= Material supplied =
==*==

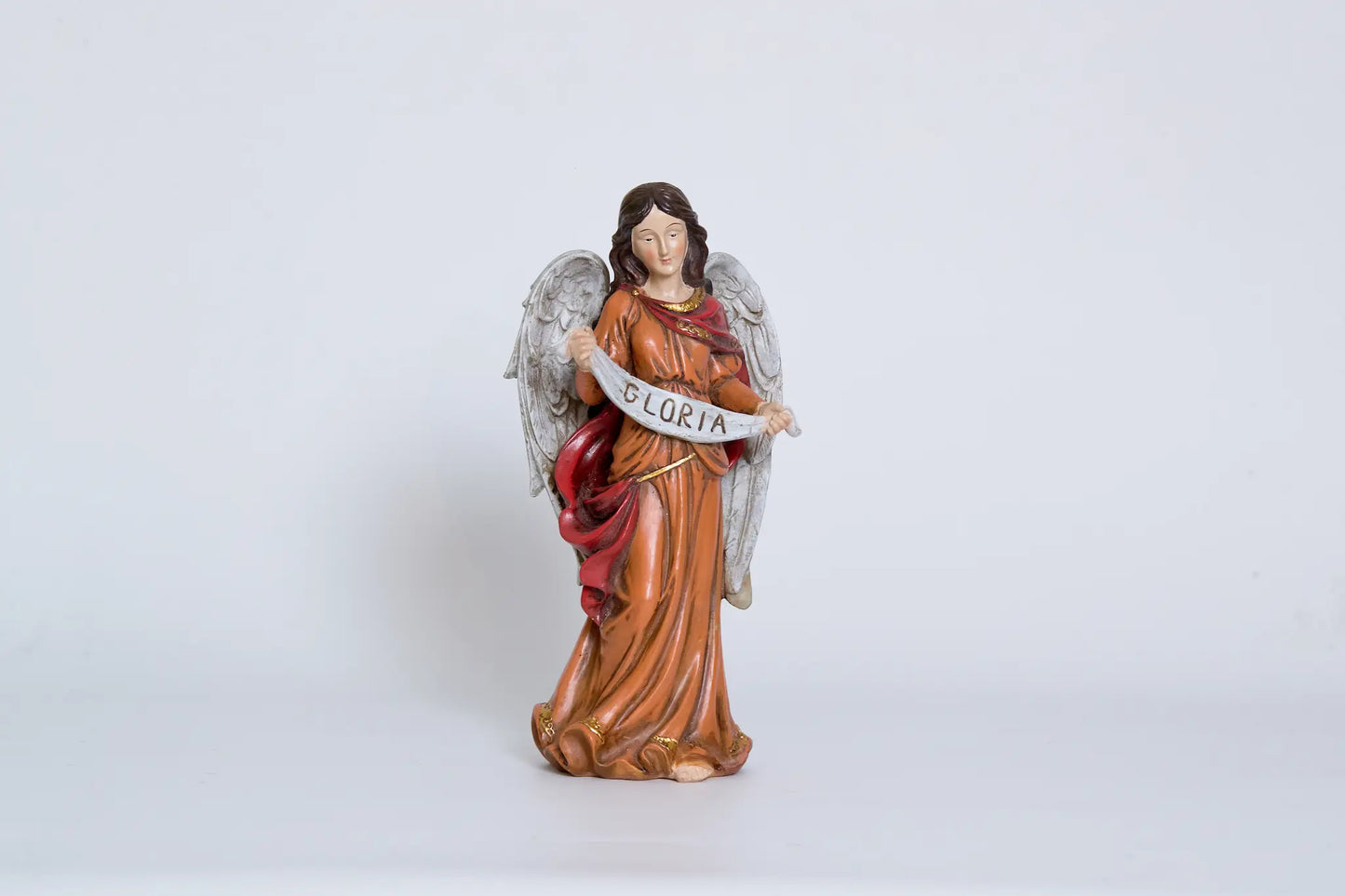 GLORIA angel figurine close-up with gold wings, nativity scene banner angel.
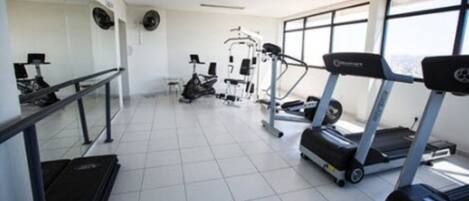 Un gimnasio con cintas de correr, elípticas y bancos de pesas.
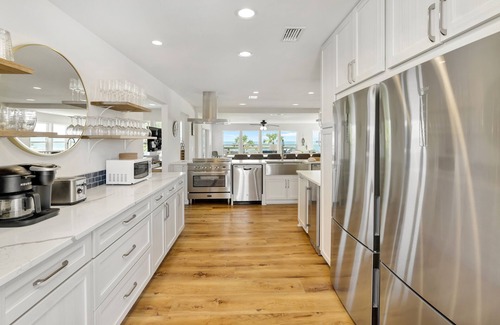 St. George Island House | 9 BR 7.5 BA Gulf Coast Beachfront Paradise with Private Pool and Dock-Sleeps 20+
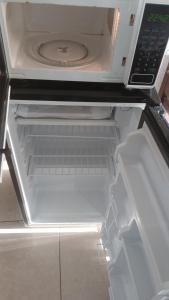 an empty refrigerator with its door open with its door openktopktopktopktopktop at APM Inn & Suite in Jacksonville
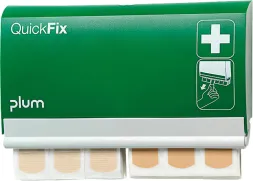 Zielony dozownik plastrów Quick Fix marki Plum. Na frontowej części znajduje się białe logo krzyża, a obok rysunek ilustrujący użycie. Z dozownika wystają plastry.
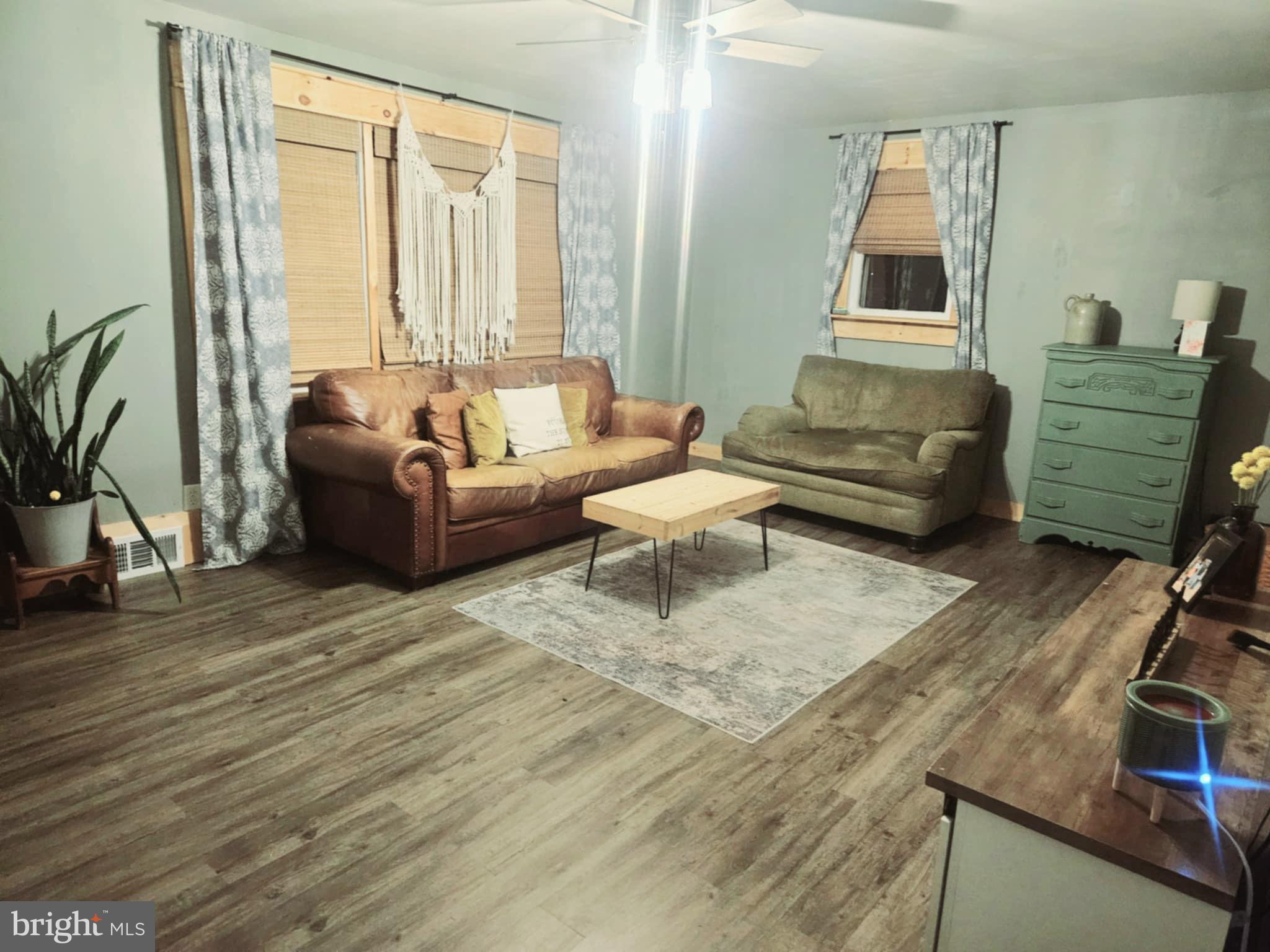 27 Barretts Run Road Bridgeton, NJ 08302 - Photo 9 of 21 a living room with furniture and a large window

==*==

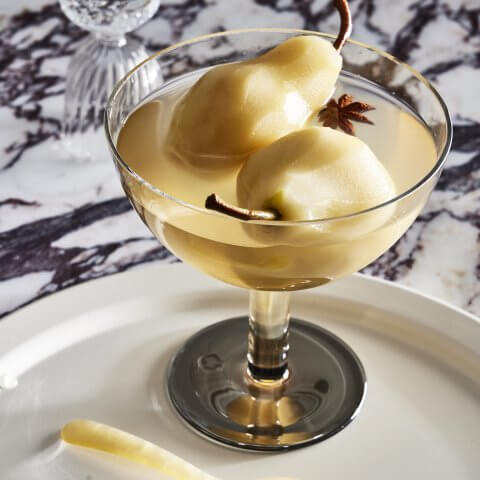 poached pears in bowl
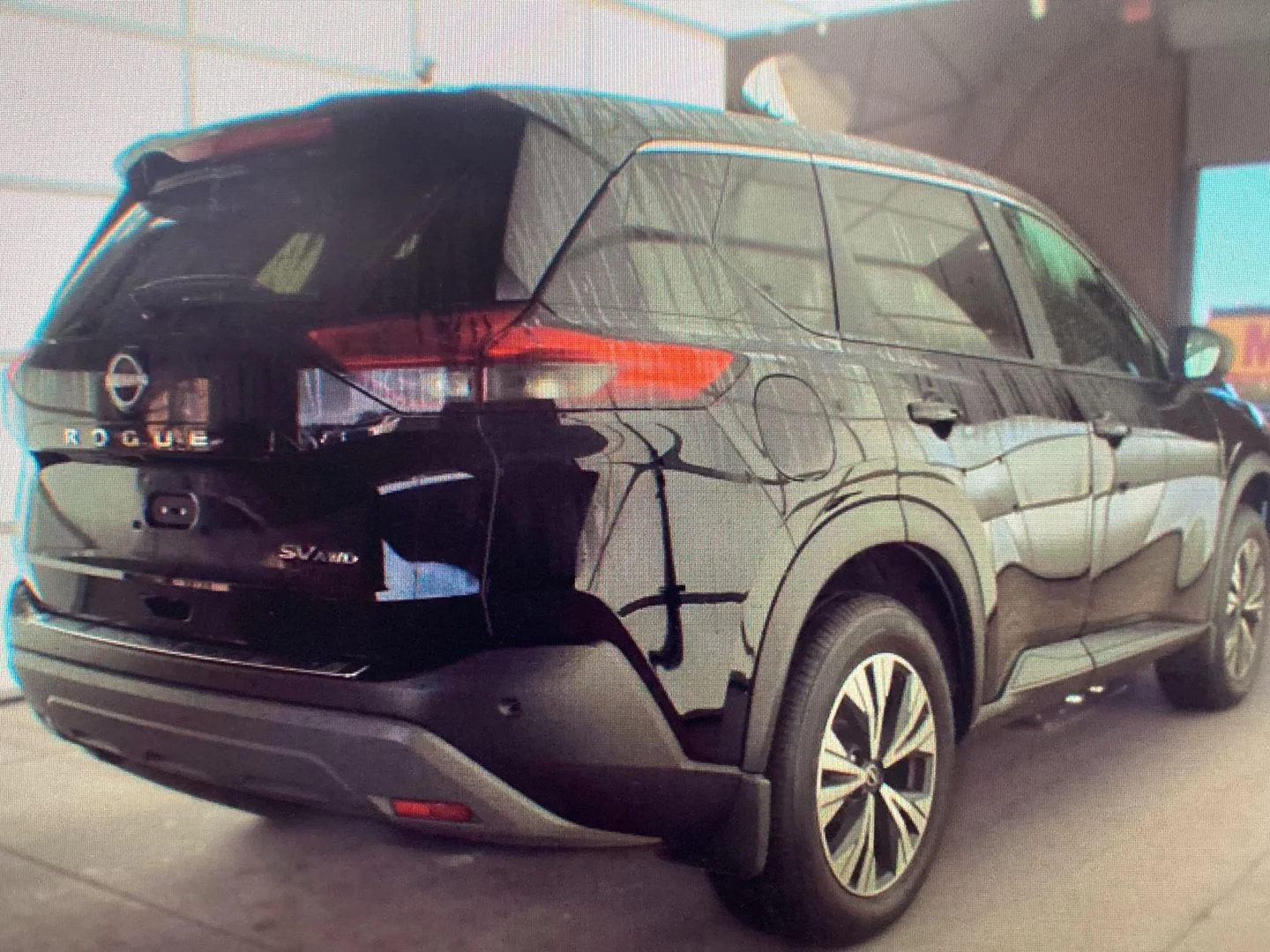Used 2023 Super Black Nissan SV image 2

==*==

= Requirement =
Above are records; write out the lines from the one with "GLORIA angel figurine" down to the one with "27 Barretts Run", exactly, leaving the pictures out.

= Reply to the task =
 GLORIA angel figurine close-up with gold wings, nativity scene banner angel.
 Un gimnasio con cintas de correr, elípticas y bancos de pesas.
 St. George Island House | 9 BR 7.5 BA Gulf Coast Beachfront Paradise with Private Pool and Dock-Sleeps 20+
 an empty refrigerator with its door open with its door openktopktopktopktopktop at APM Inn & Suite in Jacksonville
 Zielony dozownik plastrów Quick Fix marki Plum. Na frontowej części znajduje się białe logo krzyża, a obok rysunek ilustrujący użycie. Z dozownika wystają plastry.
 27 Barretts Run Road Bridgeton, NJ 08302 - Photo 9 of 21 a living room with furniture and a large window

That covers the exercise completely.